I just started reading The Magic Room by Jeffrey Zaslow, and I can’t put it down. It is, yes, the compelling way Jeff (a long-time friend and mentor) writes. But it is also the idea that magical things take place when a woman gets married.
Having been down that fabled aisle twice in my life, I can say that each time it was like an out of body experience. The first time, because I was in a world not my own, playing the part of demure orthodox bride like I knew what it meant. The second time, because I knew how much it mattered to get this right and how valuable it is to find THAT PERSON you truly want to live life with.

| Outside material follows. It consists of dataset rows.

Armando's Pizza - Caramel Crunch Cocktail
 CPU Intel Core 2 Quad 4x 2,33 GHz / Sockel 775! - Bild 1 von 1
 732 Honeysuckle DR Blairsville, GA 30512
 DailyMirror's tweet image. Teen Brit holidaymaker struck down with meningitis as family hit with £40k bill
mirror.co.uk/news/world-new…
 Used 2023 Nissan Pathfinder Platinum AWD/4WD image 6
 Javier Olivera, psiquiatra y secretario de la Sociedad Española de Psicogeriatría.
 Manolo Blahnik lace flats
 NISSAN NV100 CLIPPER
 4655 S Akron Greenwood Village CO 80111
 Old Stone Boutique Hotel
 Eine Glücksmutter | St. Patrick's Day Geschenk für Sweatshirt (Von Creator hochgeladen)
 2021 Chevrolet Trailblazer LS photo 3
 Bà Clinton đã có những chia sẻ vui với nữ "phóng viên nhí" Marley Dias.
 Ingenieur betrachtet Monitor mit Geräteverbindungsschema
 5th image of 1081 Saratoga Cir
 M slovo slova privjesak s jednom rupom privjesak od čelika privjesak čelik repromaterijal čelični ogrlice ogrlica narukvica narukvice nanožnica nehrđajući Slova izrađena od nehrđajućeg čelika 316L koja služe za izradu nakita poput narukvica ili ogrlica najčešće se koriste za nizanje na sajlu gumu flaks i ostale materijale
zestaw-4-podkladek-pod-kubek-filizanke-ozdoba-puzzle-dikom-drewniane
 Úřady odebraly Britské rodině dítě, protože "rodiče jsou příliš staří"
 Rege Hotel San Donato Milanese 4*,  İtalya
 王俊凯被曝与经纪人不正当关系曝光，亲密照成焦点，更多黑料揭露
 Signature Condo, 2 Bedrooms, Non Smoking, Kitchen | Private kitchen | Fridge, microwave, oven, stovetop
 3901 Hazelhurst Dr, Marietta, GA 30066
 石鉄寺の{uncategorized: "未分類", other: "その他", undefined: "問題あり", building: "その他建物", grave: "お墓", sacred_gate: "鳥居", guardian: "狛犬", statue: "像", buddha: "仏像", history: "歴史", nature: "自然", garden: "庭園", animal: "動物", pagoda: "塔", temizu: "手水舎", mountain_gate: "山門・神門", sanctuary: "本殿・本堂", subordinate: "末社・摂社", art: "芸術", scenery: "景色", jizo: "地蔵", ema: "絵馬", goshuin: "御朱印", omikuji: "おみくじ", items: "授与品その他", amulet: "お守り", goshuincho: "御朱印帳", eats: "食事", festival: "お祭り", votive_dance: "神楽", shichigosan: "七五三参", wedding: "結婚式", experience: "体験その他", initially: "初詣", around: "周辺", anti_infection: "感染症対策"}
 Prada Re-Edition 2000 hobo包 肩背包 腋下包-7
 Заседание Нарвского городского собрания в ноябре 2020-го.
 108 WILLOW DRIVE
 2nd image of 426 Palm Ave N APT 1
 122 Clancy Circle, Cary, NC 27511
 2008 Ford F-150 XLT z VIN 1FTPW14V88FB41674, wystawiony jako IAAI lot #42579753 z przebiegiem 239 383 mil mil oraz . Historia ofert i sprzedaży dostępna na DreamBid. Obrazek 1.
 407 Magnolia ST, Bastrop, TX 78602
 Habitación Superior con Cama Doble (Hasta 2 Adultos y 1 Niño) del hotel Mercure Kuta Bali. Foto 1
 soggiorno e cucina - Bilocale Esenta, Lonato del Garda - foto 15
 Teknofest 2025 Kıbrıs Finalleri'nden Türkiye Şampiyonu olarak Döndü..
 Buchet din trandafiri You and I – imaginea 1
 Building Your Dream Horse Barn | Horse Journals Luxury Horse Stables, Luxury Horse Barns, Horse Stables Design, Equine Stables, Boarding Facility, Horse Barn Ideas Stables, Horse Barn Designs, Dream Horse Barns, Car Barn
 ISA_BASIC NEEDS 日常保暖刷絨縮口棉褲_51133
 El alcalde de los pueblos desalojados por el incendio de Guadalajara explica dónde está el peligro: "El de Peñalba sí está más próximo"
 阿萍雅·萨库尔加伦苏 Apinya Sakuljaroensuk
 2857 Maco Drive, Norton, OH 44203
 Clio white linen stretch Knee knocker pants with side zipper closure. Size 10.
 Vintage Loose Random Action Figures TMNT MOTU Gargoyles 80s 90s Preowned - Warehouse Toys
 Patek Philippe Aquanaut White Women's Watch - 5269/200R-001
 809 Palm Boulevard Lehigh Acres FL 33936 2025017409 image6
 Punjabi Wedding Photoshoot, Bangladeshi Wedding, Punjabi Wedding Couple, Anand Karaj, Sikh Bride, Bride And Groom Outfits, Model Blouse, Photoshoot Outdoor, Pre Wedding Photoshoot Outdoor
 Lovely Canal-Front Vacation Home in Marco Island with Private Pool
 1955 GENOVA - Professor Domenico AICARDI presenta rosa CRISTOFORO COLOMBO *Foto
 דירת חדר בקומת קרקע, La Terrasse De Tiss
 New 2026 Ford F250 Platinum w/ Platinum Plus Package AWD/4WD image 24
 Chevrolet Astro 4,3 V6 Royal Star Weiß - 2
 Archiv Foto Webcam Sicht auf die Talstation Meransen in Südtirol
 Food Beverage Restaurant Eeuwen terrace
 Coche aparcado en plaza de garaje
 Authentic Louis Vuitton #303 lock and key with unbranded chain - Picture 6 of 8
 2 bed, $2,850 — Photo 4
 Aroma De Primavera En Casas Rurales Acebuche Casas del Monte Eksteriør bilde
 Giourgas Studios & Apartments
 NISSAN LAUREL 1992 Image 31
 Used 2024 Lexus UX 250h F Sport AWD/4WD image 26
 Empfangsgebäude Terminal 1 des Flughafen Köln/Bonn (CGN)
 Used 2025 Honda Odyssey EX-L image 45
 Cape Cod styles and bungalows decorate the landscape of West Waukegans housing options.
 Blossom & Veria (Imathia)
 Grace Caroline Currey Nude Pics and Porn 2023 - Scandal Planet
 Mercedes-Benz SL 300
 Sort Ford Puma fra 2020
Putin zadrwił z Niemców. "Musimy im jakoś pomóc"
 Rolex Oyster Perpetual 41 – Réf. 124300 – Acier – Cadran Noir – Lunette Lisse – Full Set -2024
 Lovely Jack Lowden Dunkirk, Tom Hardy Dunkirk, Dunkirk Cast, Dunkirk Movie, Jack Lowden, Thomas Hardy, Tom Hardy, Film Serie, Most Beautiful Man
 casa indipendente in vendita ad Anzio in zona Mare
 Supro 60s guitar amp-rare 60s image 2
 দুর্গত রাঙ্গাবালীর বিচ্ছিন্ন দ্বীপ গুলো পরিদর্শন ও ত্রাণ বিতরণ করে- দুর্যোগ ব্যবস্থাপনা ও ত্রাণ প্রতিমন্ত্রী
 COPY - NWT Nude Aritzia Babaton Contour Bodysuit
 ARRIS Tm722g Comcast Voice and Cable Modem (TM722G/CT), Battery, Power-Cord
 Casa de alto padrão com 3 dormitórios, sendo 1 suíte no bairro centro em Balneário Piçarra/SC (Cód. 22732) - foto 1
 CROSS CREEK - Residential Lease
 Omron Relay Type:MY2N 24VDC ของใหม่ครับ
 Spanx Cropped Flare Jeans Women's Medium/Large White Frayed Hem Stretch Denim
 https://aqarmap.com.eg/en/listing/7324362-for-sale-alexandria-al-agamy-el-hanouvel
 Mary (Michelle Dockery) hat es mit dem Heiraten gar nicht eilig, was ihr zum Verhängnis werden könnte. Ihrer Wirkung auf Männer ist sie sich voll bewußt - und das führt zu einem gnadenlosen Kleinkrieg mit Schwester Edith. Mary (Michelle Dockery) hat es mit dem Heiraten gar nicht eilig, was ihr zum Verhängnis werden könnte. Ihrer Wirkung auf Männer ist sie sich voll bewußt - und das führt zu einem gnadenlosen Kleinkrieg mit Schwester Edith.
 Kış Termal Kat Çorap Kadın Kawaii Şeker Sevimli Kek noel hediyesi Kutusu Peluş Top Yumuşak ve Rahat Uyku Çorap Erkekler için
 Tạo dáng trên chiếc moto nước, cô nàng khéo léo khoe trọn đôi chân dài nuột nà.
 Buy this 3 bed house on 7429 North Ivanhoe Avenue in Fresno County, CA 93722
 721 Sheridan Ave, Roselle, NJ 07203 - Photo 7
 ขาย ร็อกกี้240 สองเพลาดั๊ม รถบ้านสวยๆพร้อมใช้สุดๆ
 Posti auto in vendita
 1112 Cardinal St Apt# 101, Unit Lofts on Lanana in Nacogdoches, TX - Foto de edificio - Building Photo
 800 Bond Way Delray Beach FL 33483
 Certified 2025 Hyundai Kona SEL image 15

Yesterday, over lunch with Carol Rosenberg, of Jewish Senior Life, she said, “A second marriage, you can’t explain that kind of love. The second time, it’s real love.”
And I knew what she meant.
It’s that unbelievable-ness of getting a second go at this thing called partnership and love. It’s the stark realization that there IS the person out there that you’ve really wanted to find. And then you go shopping for a dress.
Weddings confound me. My first one was a big blow-out with all the details and trimming. I didn’t even look in traditional bridal stores because I was walking down the aisle to a world of religion, where the way women dress matters more than many things. I didn’t want a cover-everything thick white dress from head to toe so I had a local dressmaker make what turned out to be a beautiful dress.
Long sleeves, but they were sheer, with beaded lace overlays at the wrists. The fitted bodice had detailing and wasn’t a choke-hold of modesty at the neck. It was truly a gorgeous dress, though in the process, it didn’t fit exactly right and into the eleventh hour we were feverishly insisting on alterations.
I don’t have any attachment to that dress; I didn’t even when I was still in that marriage. It was just a dress. So when my friend Jeff writes about how his wife, the lovely Sherry Margolis, drove her dress home for the wedding rather than wrinkle it on a plane, I can’t quite relate.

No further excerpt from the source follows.